The Trump administration and growing sections of the Venezuelan ruling class are hoping that an agreement, sold as a “normalization of the conflict” with imperialism, as expressed by Maduro, can be used to politically and physically disarm the growing social unrest among workers.

At the same time, Washington’s efforts to roll back Russian and Chinese economic influence in Venezuela and the region poses the threat of a military conflict between nuclear-armed powers.

In fear of US sanctions, the Russian state-owned firm Rosneft has been directly managing a growing share—66 percent this month compared to 40 percent in July—of Venezuelan oil exports, and shipping them to refineries in China and India, according to Reuters.

Rosneft also owns 49.9 percent of Citgo, state-owned PDVSA’s branch in the US, which has been taken over by Washington. Any claim made by Russia could lead the Committee of Foreign Investments in the United States (CFIUS) “to block this on grounds that Rosneft owning half of Citgo threatens US national security,” wrote Forbes earlier this year. “It would be a compelling standoff between Venezuela, Russia and the US.”

Venezuela and Russia signed a deal last week agreeing to send warships to each other’s ports. On Wednesday, Russian foreign minister Sergei Lavrov held talks with Venezuelan vice-president Delcy Rodriguez in Moscow. Lavrov vowed to defend Venezuela’s “right to independently choose its own development paths and to oppose any illegitimate unilateral methods of blackmail and pressure.”

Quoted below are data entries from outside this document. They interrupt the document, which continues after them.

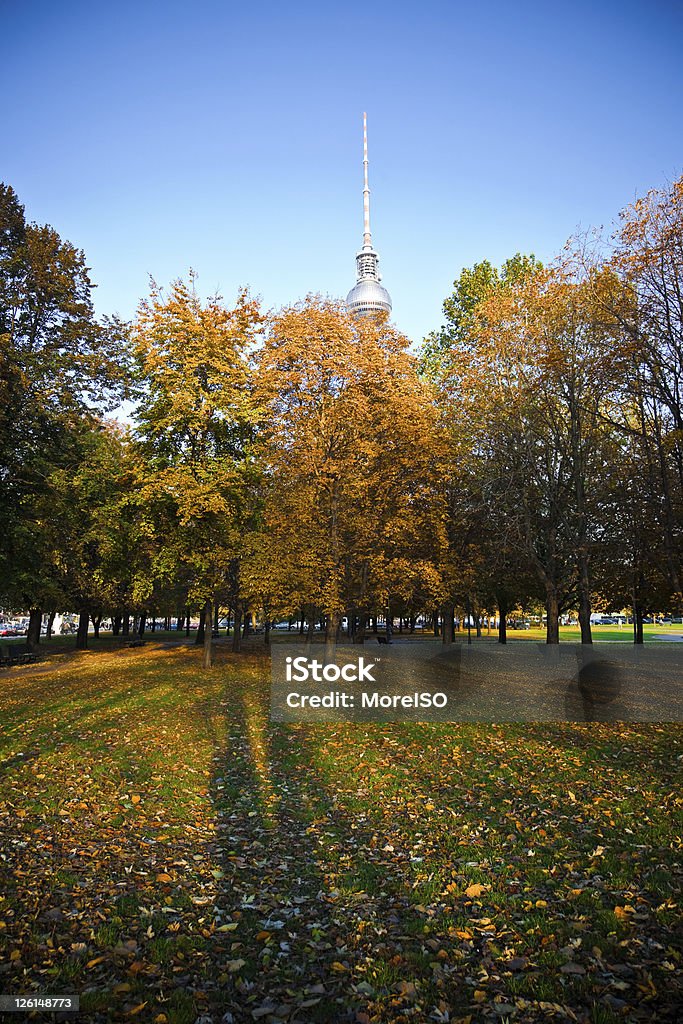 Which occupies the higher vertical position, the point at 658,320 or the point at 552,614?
the point at 658,320

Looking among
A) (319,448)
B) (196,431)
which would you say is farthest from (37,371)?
(319,448)

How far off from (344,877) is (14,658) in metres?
26.3

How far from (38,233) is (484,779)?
24.3 m

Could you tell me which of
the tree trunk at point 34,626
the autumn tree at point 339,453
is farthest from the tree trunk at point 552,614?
the tree trunk at point 34,626

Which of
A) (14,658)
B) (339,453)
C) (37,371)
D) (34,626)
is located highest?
(37,371)

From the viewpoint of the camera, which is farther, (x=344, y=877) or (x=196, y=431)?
(x=196, y=431)

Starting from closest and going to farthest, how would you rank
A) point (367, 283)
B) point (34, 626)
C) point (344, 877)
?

Earlier this year, giving a glimpse of the broader strategy of US officials, Hector Schamis, a professor at the US School of Foreign Service, wrote in El País, “Without American troops [Yugoslavian president Slobodan] Milosevic would not have gone to the diplomatic negotiating table. Much less would he have died as a prisoner in The Hague in 2006.”

After the brutal NATO bombing of Yugoslavia in early 1999, Milosevic agreed to call for early presidential elections to be held on September 24, 2000. He finished second behind the Western-funded Democratic Opposition of Serbia (DOC) in a multi-candidate race, called for a runoff election , and then was overthrown on October 5 in a “political coup organized by the United States government and the European powers to ensure their undisputed control of the Balkan peninsula,” as reported by the WSWS at the time.

Since the turn of the century, the efforts of US imperialism to counter its crisis of economic hegemony globally through military means have only become more aggressive, with Democrats and Republicans both supporting the campaign against Venezuela and competing with each other on who is more militaristic, especially in the face of a renewed global economic downturn.

In Venezuela, the United States, Russia, China and all over the world, millions of workers are entering into struggle against attacks on jobs, wages and social services. This movement must be consciously united across borders and independently of all bourgeois parties, trade unions and their pseudo-left apologists, in the fight against colonial re-subjugation and imperialist wars and to abolish their source, the capitalist system.